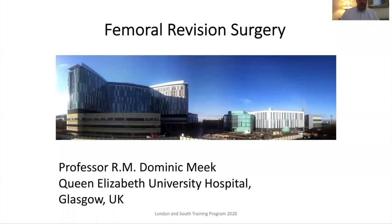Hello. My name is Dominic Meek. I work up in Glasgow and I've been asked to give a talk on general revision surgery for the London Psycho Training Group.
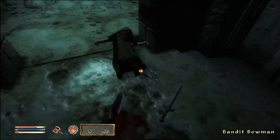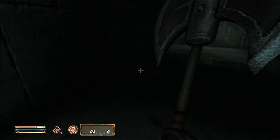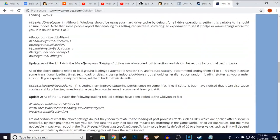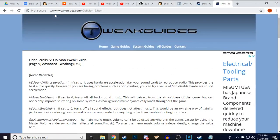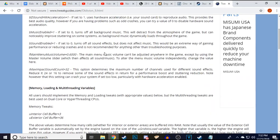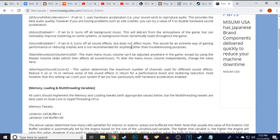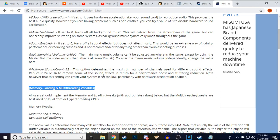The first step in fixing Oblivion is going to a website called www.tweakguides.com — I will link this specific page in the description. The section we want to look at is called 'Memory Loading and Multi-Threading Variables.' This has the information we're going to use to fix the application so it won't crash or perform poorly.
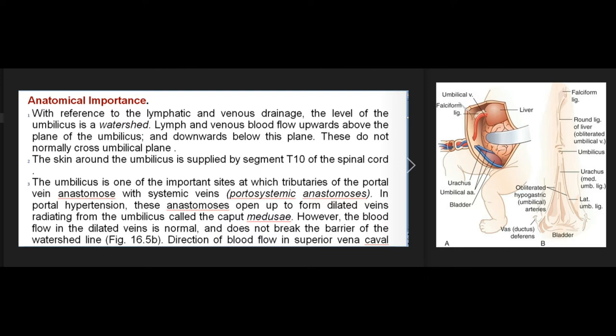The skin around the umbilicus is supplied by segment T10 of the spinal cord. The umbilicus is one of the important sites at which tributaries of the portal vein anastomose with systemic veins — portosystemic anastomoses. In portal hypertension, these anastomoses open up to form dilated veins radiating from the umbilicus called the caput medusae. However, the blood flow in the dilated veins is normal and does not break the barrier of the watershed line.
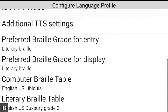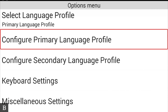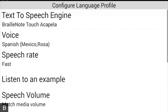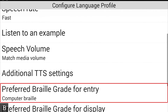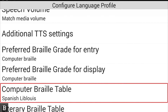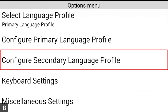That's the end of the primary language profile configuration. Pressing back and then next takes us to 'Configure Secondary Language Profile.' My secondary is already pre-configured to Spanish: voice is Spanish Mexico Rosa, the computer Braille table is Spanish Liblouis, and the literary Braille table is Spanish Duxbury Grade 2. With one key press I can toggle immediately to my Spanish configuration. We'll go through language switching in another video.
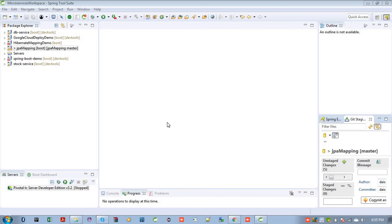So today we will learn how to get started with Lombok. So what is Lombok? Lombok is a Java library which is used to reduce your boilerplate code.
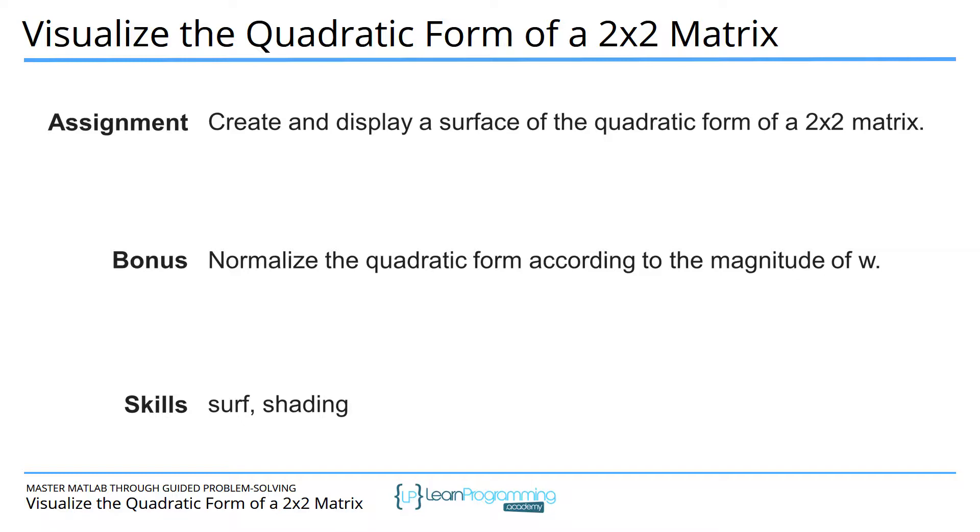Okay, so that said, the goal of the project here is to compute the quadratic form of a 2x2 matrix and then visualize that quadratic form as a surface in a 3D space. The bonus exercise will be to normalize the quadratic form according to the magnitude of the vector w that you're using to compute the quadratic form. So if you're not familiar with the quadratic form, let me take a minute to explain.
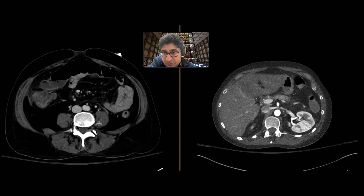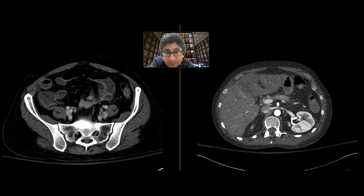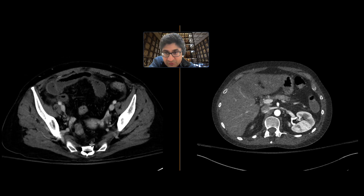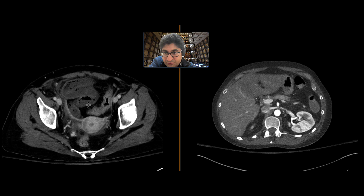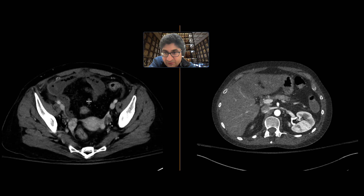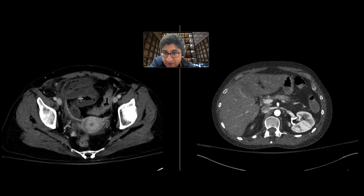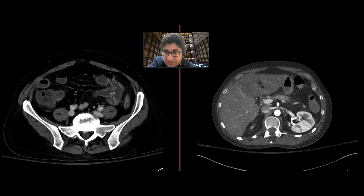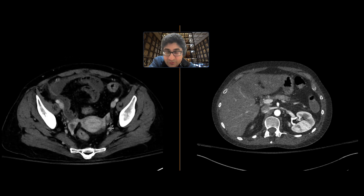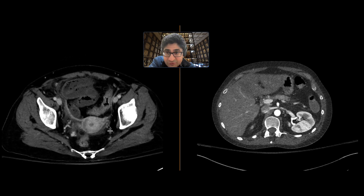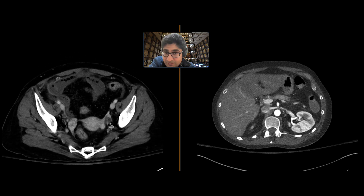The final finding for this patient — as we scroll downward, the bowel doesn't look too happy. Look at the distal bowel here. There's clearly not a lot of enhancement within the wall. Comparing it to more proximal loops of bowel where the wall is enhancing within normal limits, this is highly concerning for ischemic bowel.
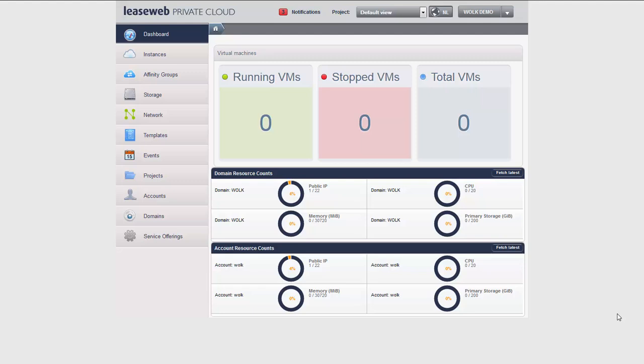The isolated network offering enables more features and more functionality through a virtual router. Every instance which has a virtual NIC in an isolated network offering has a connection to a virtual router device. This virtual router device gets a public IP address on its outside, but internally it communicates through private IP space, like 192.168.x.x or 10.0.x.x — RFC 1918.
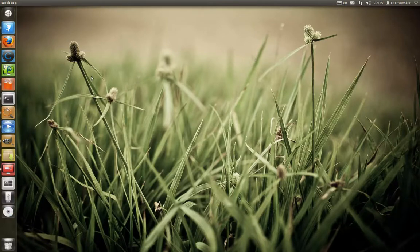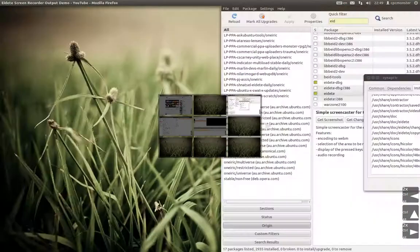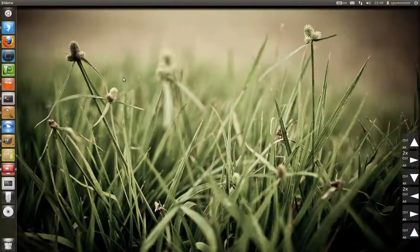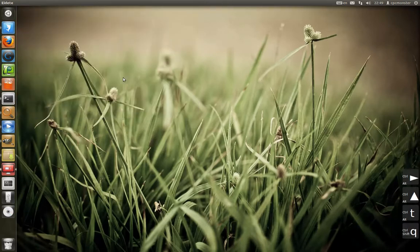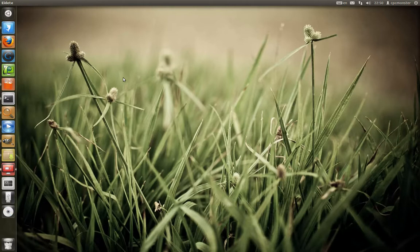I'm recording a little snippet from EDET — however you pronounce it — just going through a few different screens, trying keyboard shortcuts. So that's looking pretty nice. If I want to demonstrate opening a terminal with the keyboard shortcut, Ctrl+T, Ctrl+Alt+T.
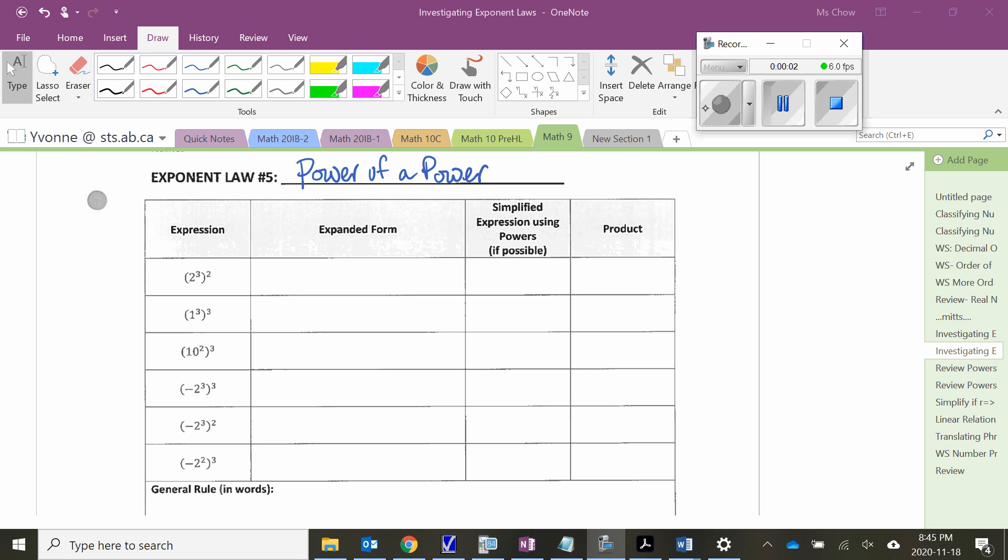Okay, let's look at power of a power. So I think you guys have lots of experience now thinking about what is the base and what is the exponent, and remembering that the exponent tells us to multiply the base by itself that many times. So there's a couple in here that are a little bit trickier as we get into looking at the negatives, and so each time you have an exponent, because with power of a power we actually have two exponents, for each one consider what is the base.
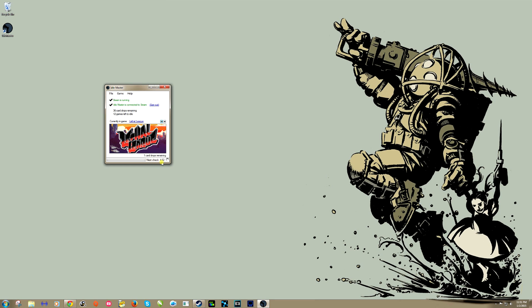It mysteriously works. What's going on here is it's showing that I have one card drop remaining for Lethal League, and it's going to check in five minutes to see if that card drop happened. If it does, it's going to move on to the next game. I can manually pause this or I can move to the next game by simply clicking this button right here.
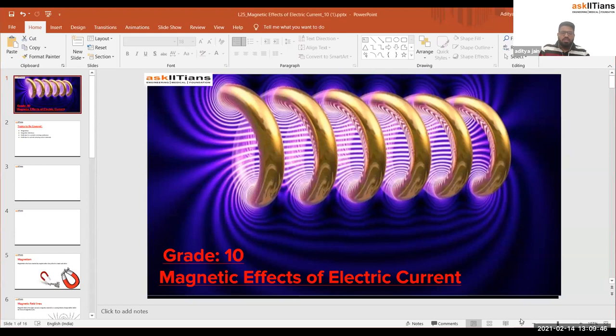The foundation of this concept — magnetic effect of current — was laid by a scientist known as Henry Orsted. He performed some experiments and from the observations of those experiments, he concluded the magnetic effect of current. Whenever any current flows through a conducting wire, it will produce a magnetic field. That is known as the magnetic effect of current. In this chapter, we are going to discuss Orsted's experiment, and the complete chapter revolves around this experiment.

_What you are asked to do_
Exactly as written, repeat the lines from the beginning of the entries up to and including the line with "The first step", but not the pictures.

_Written solution_
Hello. My name is Dominic Meek. I work up in Glasgow and I've been asked to give a talk on general revision surgery for the London Psycho Training Group.
The first step in fixing Oblivion is going to a website called www.tweakguides.com — I will link this specific page in the description. The section we want to look at is called 'Memory Loading and Multi-Threading Variables.' This has the information we're going to use to fix the application so it won't crash or perform poorly.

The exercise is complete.